More than anything else, Plato’s dialogues show us the philosophic teacher’s life, his manner of interacting with others, the enthusiasm for ideas that he generated in young men, his unwillingness to accept “disciples” as a substitute for students (that is part of the significance of his insistence that he had no wisdom, and of his perfect irony in the face of his followers’ admiration), his refusal to compromise on principles, and his courage in the face of every kind of challenge up to and including execution. The search for truth, and the desire to infect others with the passion for that search, was Socrates’ central focus, to a degree that seems otherworldly in its intransigence. Plato wrote in a letter that his purpose in writing the dialogues was not to present “Plato’s thought” but to give the world “a Socrates made beautiful and new.” I cannot think of a more remarkable tribute to a teacher: arguably the greatest thinker in human history, and certainly the most impressive student in human history, devoted his entire body of public writings, produced over decades, to giving the world, in a “perfected” form, the gift he was given as a young man — the gift of Socrates’ teaching.

As a teacher of young adults, and one inclined to approach even the most pedestrian subject matter through the prism of the great philosophers, I cannot imagine viewing my purpose other than in the light of Socrates’ example. To view my teaching within any other context would mean lowering my aspirations, and therefore reducing the seriousness and potential effects of my teaching. Thus, Socrates is, for me, the “ideal” or unreachably pure goal of the teacher’s vocation. If I reach for lower fruit, I am selling myself and my students short.

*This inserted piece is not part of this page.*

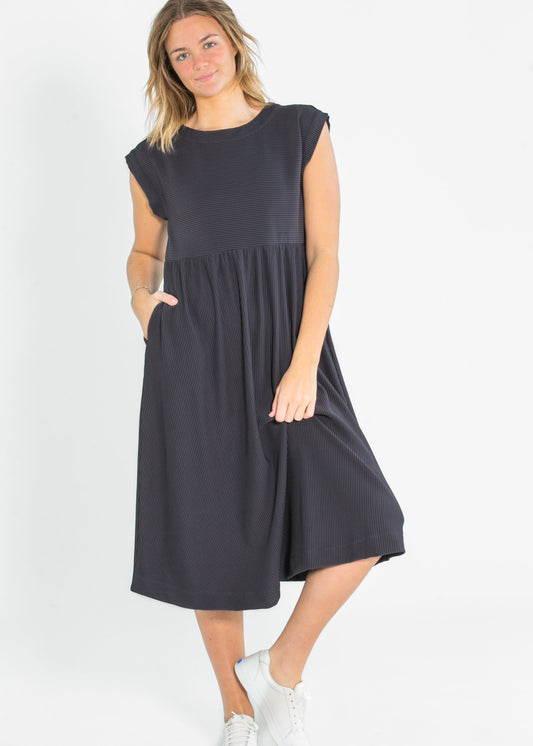 Olivia A-line Solid Midi Dress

I have directly expressed this aspiration to be a Socratic teacher to only a very few people in my entire life. Nevertheless, I have had several students over the years, particularly very sincere and motivated students, call me “our Socrates” or “my Socratic teacher.” It is not an ego boost, since I do not believe I deserve the compliment. On the other hand, it is very gratifying to know that a few good students recognize the seriousness of my intentions and feel somewhat inspired by having a teacher who cares this much about their learning and their souls.

So that, to answer Question 1, is what I mean when I say Socrates is my personal hero. I’m trying to do, in my own extremely deficient way, what he tried to do in the most uncompromised and systematic way, namely make the world healthier. That sounds like an absurdly extreme aspiration, and it is. But Socrates actually accomplished it — though Nietzsche judged the health he engendered a kind of sickness — which makes him a genuine hero, in the sense of being exemplary of a higher kind of man, perhaps the highest kind of man qua earthly mortal, the philosophic teacher. My judgment that such a person may be the highest goal of man qua composite being — of man in practical life — explains why Socrates is my personal hero.